3. The drone-controlled blimps and omnipresent screens—one backdropping and spanning the entire stage, and several shifting above and bisecting the arena audience, often taking the shape/look of England’s Battersea Power Station (depicted on the cover of 1977’s Animals)—dominated a stunning production display that would seem to have no equal in live music. Waters used the enormous, high-resolution stage screen to show either simple images (a woman on a beach used multiple times, a mesmerizing tapestry of stars during “The Great Gig in the Sky”), illustrated graphics (the cascading clocks during a rollicking “Time”) or videos complementing the songs’ narratives (harrowing and cross-haired drone footage during the new“Deja Vu”). The laser-and-light recreation of the prism from Dark Side during “Brain Damage” and “Eclipse” was particularly stunning. And even Waters himself isn’t above a confetti drop, though he subverted the practice by printing the word “RESIST” onto his pink tissue slips.

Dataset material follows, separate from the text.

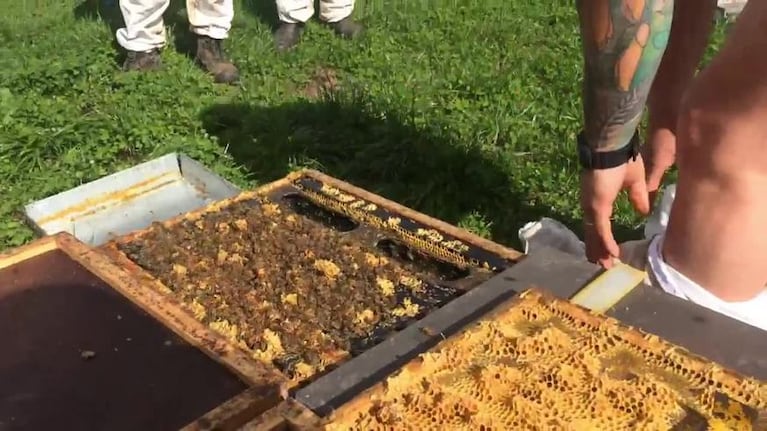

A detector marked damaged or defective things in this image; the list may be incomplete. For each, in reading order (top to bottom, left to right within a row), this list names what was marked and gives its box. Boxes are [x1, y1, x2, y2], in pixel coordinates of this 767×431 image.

rusty metal edge [324, 288, 767, 426]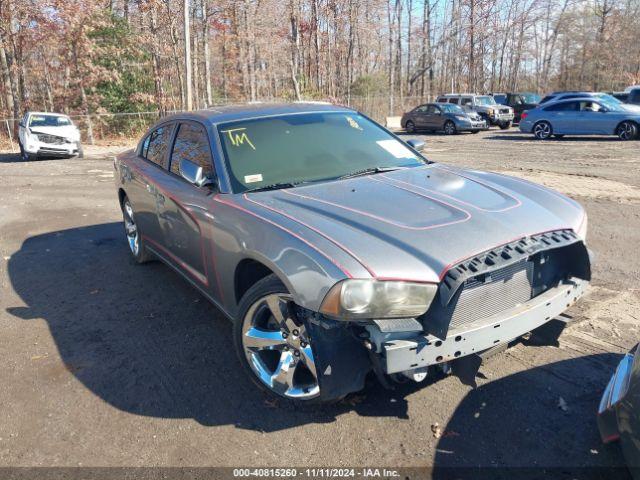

4. Normally, all that would be enough to overwhelm the rest of the show. But Waters never lets the audible element play second fiddle to the visuals—and the surround-sound system he has employed for this tour makes sure of it. The impulse to turn around and see where various samples and recordings were coming from arose several times during the show. The clarity of the acoustic guitars featured in “Wish You Were Here,” “Vera” and “Bring the Boys Back Home” brought intimacy to the cavernous T-Mobile. You could easily discern each guitar during the exhilarating instrumental “One of These Days.” And there was no straining to understand Jess Wolfe and Holly Laessig (who comprise the remarkable duo Lucius) during their rafter-busting, wordless vocal passage in “The Great Gig in the Sky,” enhanced by Erickson’s gorgeous piano melodies.
5. Anyone looking for Waters to take a deep dive into his older solo or Floyd material was likely disappointed. That being said, the setlist was clearly thematic, curated from the most philosophical and politically charged portion of Waters' considerable oeuvre. The welcome inclusion of “Pigs” and “Dogs” from Animals befit the concert’s strident polemics—as did the handful of songs from recently released album Is This the Life We Really Want?, including the funk-tinged “Smell the Roses” and the snarling, climactic “Picture That.” “Welcome to the Machine” soared, as did an otherwise despondent coloring of “Us & Them.”
And to prove he’s up for a good time, Waters ended the first set with the groove-accentuated “Another Brick in the Wall” trilogy, highlighted by a chorus line of local kids wearing prison jumpsuits. After tearing off the prison garb to reveal black “RESIST” shirts, the kids bellowed the famous choral refrain from “Part 2” and danced alongside the Lucius singers and Waters himself. It was an absurd sight that nonetheless provided some celebratory relief. It took some edge off the evening’s unrelenting dystopia—and suggested to those in post-election despair to heed the buoyancy and idealism of our youth.